Diğer bir ifadeyle Asr ve Fatiha sürelerinin olabildiğince hayata geçirilişini, imanın hayat bulmasını açık ve net olarak görmekteyiz.
***
Batı uygarlığından çarpıcı bir araştırmayla dersimizi alalım:
2010’ da George Washington Üniversitesinin Uluslararası İlişkiler Bölümü’nde hazırlanan ve Global Economic Journal isimli dergisinde yayınlanan ‘’An Economic İslamicity İndex’’başlıklı makalede, ekonomik ilerleme, devlet yönetimi, insan ve politik haklar ve uluslar arası ilişkiler konularındaki uygulamalar dikkate alınarak, ülkelerin yönetim anlayışları, İslam’ın temel ilkeleriyle mukayese edilmiş. Makaleye göre:
Kur’an’ın ortaya koyduğu değerlere uygun yaşayan ülkelerin başında İrlanda, Danimarka ve Lüksemburg geliyor. Türkiye71, Suudi Arabistan 91, İran 139, Pakistan 145. Sırada yer alıyor.
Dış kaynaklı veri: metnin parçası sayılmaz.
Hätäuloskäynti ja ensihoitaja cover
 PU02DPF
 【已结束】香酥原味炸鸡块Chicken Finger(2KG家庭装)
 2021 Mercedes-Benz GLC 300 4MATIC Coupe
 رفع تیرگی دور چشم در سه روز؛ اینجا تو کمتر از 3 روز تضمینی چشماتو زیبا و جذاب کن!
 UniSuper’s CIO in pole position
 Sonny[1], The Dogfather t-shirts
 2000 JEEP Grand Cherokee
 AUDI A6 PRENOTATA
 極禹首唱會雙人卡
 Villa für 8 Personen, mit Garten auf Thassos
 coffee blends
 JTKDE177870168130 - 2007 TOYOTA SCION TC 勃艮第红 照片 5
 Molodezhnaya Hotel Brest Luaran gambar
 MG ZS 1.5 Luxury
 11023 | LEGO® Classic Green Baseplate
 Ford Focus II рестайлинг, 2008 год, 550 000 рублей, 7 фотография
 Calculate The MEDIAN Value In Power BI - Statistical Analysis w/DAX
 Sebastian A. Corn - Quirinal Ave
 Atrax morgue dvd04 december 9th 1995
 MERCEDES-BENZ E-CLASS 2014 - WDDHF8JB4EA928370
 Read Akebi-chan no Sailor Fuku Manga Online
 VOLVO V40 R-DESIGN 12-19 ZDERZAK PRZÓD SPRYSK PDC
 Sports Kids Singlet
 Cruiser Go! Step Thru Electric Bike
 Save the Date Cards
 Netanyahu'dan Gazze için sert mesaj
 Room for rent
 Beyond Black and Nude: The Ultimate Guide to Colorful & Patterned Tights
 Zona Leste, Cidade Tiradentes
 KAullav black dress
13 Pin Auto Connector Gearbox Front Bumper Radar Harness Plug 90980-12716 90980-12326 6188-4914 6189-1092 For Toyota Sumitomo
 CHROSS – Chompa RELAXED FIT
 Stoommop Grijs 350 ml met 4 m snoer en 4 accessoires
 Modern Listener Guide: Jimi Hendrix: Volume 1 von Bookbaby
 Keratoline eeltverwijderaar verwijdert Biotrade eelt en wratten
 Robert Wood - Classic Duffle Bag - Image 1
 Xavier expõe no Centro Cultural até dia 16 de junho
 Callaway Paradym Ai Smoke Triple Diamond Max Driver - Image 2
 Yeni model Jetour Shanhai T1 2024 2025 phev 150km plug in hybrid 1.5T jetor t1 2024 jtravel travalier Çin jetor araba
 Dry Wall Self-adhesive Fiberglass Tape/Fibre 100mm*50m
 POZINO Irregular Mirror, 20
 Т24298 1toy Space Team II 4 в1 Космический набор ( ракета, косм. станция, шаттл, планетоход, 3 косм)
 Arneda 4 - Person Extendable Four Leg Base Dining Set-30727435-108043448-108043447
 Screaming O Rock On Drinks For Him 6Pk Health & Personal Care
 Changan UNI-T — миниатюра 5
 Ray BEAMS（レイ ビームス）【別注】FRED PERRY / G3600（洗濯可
Makalede değerlendirilen 208 ülke arasında yönetim anlayışı Kur’an’a ve İslam’ı ideallere uygun olduğu belirtilen ilk otuz ülke içerisinde Müslüman bir ülke yer almıyor. Yani 208 ülkenin ilk otuzunun, Müslüman ülkelerden daha Müslüman’ca yaşadıkları ortaya çıkmış durumda.
Pek çok açıdan eleştirilebilir ama Batı Uygarlığı ortaya ne koydu diyebilmek için öncelikle kendimiz nerede duruyoruz sorusuna vereceğimiz yanıt çok önemli.
İslam ülkeleri olarak insanlığa ne verdik ve hangi evrensel projeyle dünyanın karşısına çıktık özeleştirisi bizi bir adım ileriye taşır.
Yukarıda verilen kapsamlı araştırmaya göre Kur’an adıyla Müslüman’a sunulan dünyevi ve uhrevi İlahi Hayat kılavuzu hazinenin neresindeyiz sorusu içtenlikli yanıtını bekliyor!